→ **Records for this task**:
------------------------------------------------------------
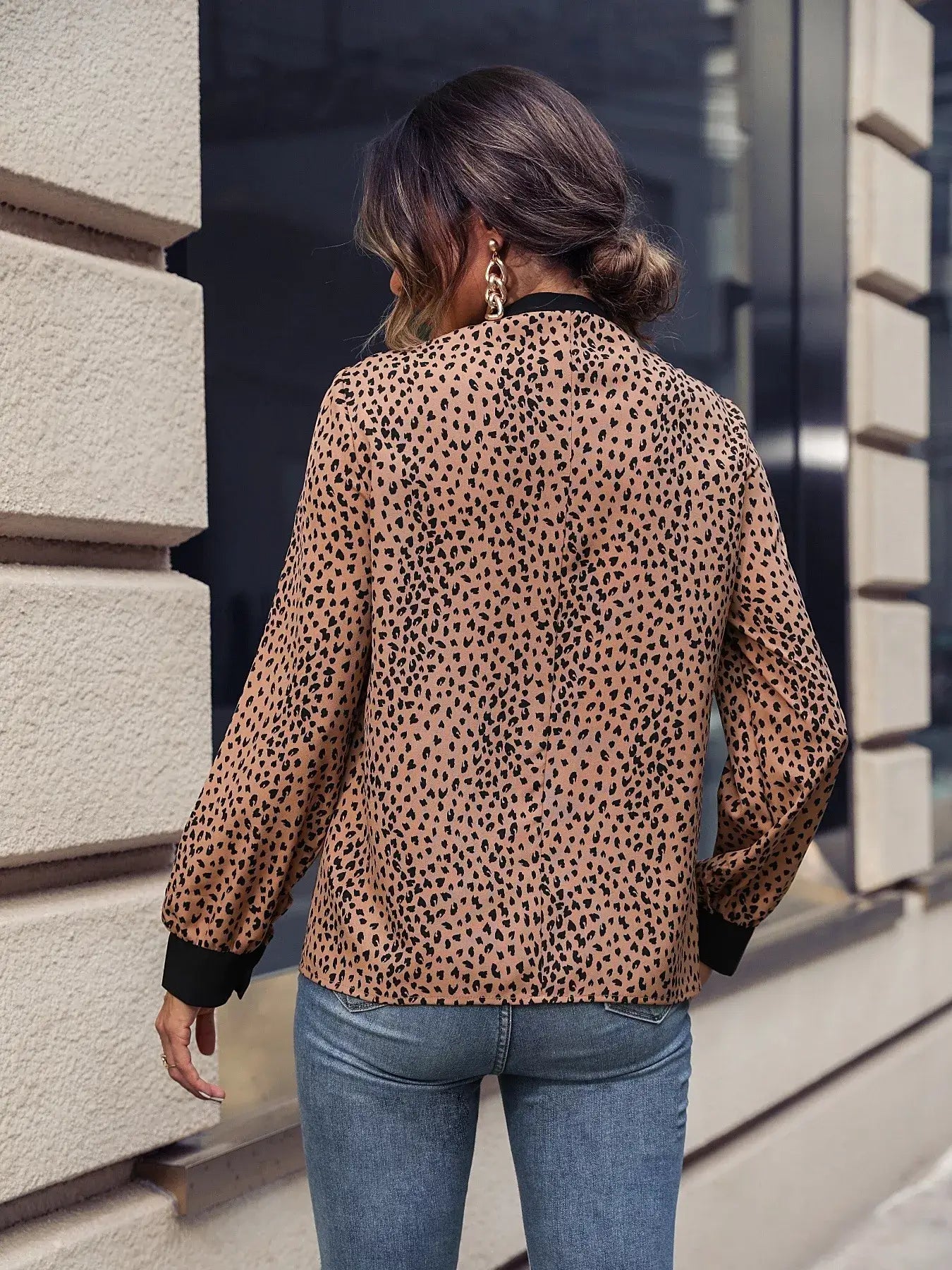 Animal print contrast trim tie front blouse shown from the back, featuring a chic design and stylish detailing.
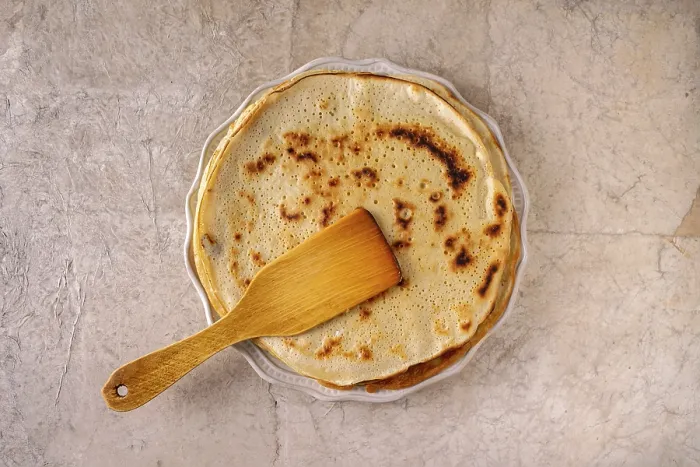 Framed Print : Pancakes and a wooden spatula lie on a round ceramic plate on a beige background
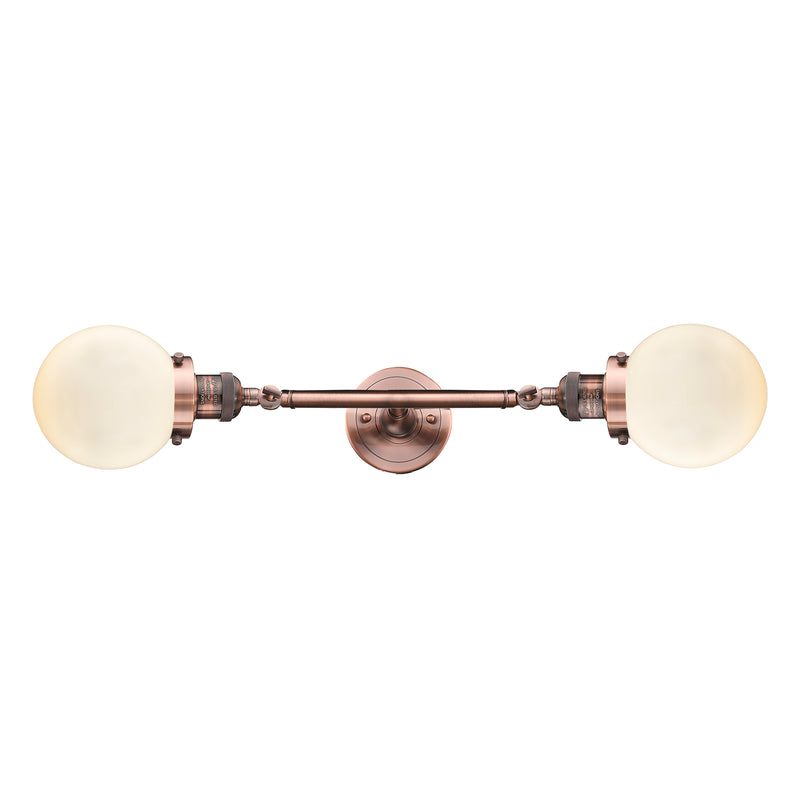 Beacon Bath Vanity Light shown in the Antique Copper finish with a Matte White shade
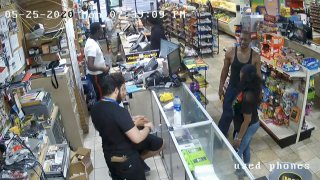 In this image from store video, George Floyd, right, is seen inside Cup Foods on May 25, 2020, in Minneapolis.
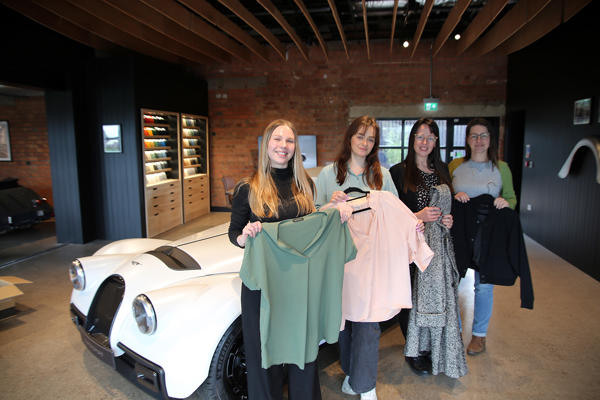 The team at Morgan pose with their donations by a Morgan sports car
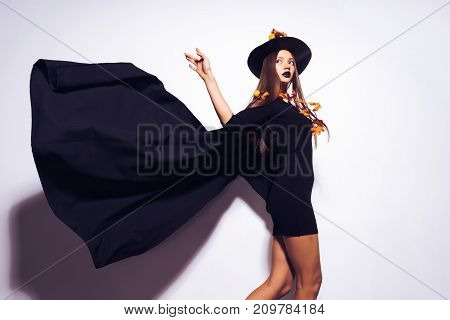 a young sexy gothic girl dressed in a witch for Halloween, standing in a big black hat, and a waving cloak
------------------------------------------------------------
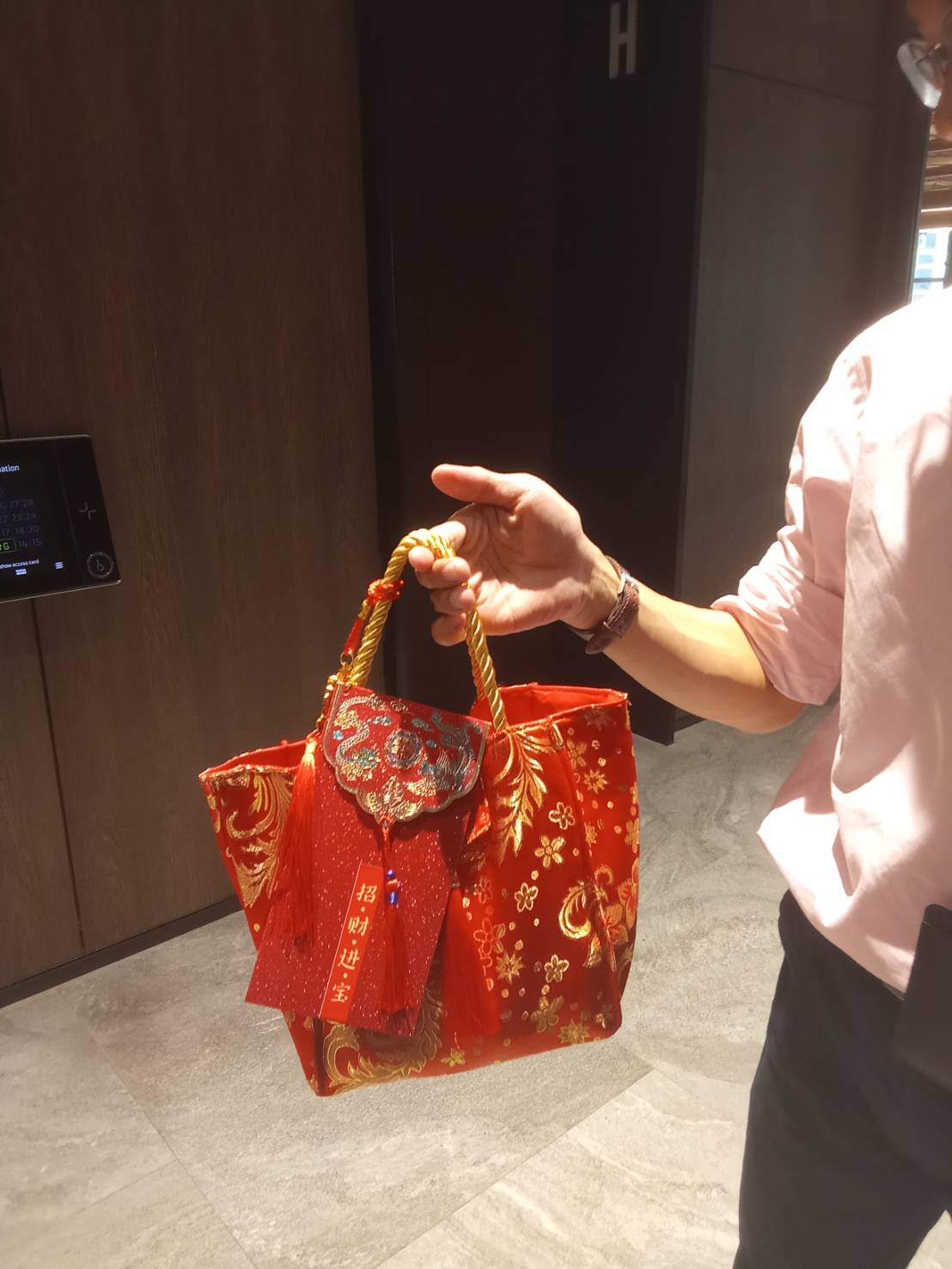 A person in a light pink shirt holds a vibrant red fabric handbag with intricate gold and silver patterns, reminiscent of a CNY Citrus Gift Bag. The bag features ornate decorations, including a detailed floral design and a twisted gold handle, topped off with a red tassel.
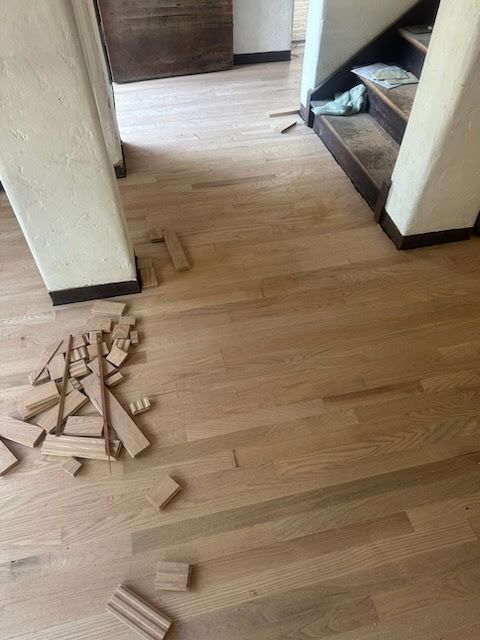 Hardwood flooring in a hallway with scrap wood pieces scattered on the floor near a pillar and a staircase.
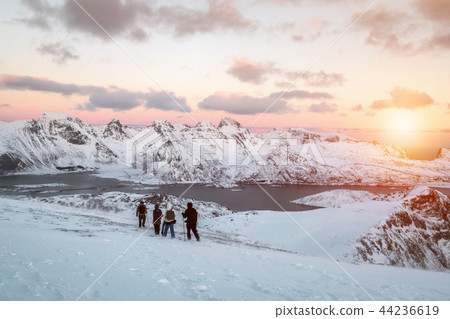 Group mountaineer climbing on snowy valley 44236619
------------------------------------------------------------
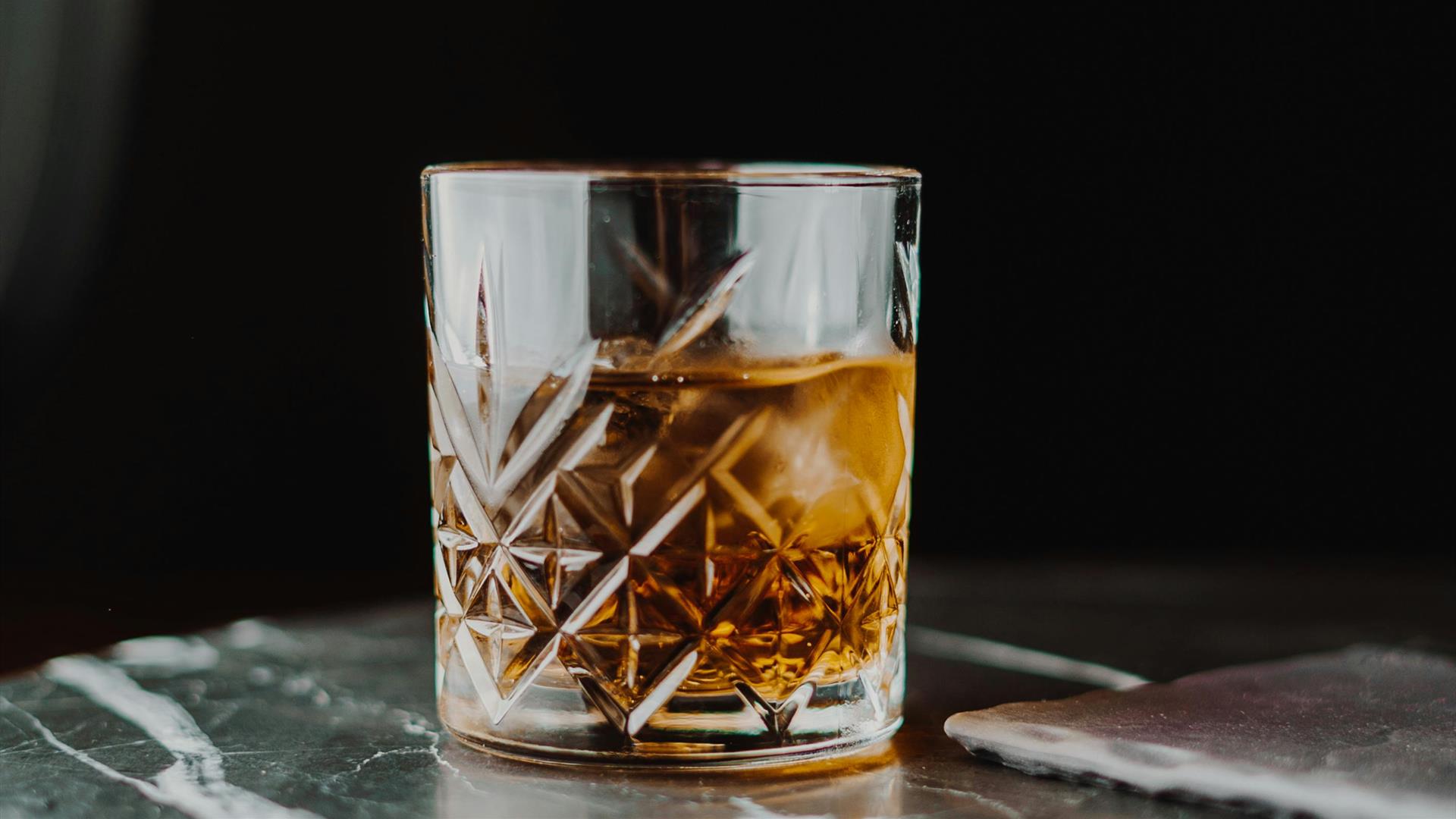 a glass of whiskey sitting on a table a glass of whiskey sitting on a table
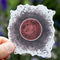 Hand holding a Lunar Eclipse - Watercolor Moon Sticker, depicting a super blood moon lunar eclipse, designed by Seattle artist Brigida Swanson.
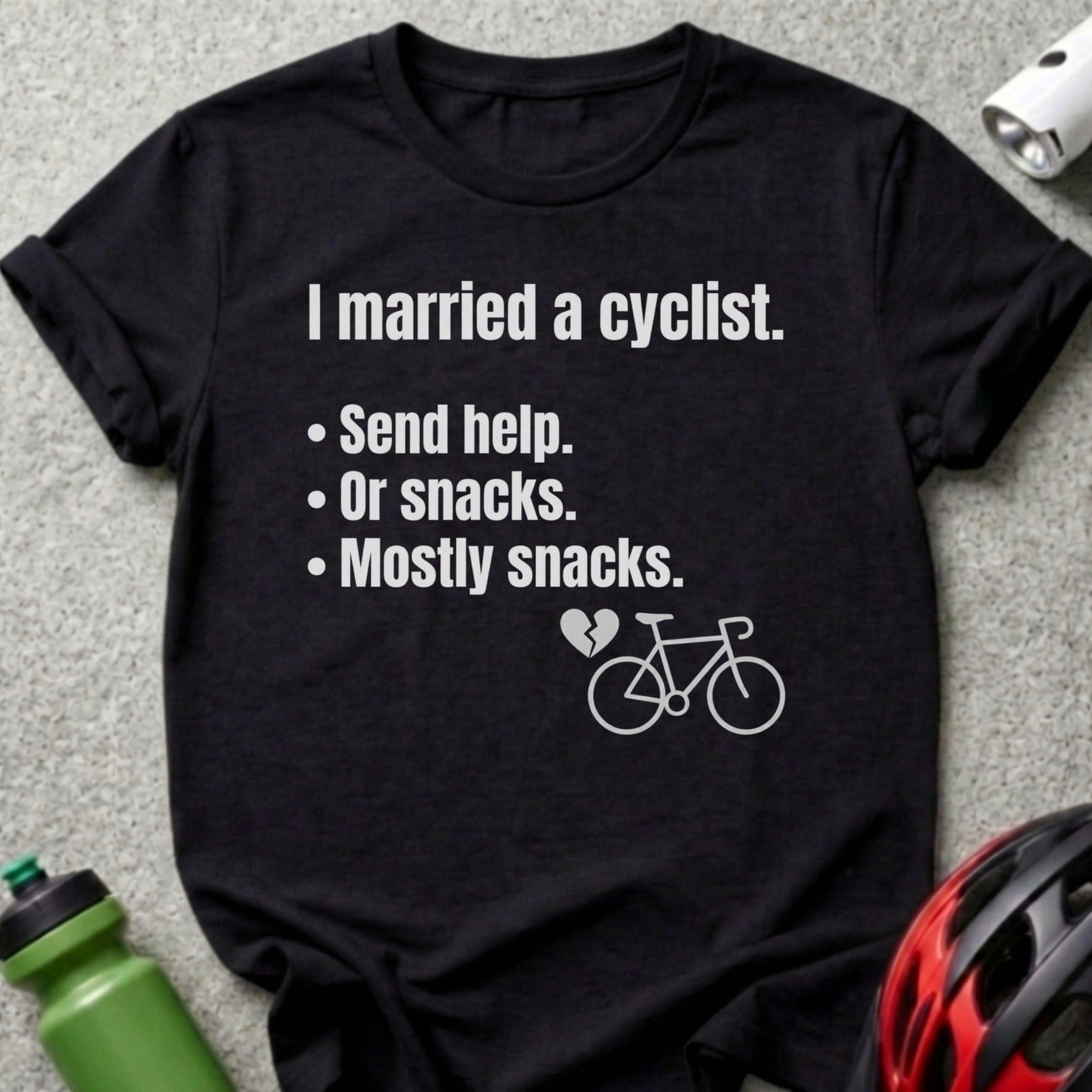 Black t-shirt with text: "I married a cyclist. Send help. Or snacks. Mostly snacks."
------------------------------------------------------------
→ **Exercise instructions**: After locating "Animal print contrast" and "a young sexy" in the records above, return exactly the line holding each one and every line between them; leave out the pictures.

→ **Exercise result**:
 Animal print contrast trim tie front blouse shown from the back, featuring a chic design and stylish detailing.
 Framed Print : Pancakes and a wooden spatula lie on a round ceramic plate on a beige background
 Beacon Bath Vanity Light shown in the Antique Copper finish with a Matte White shade
 In this image from store video, George Floyd, right, is seen inside Cup Foods on May 25, 2020, in Minneapolis.
 The team at Morgan pose with their donations by a Morgan sports car
 a young sexy gothic girl dressed in a witch for Halloween, standing in a big black hat, and a waving cloak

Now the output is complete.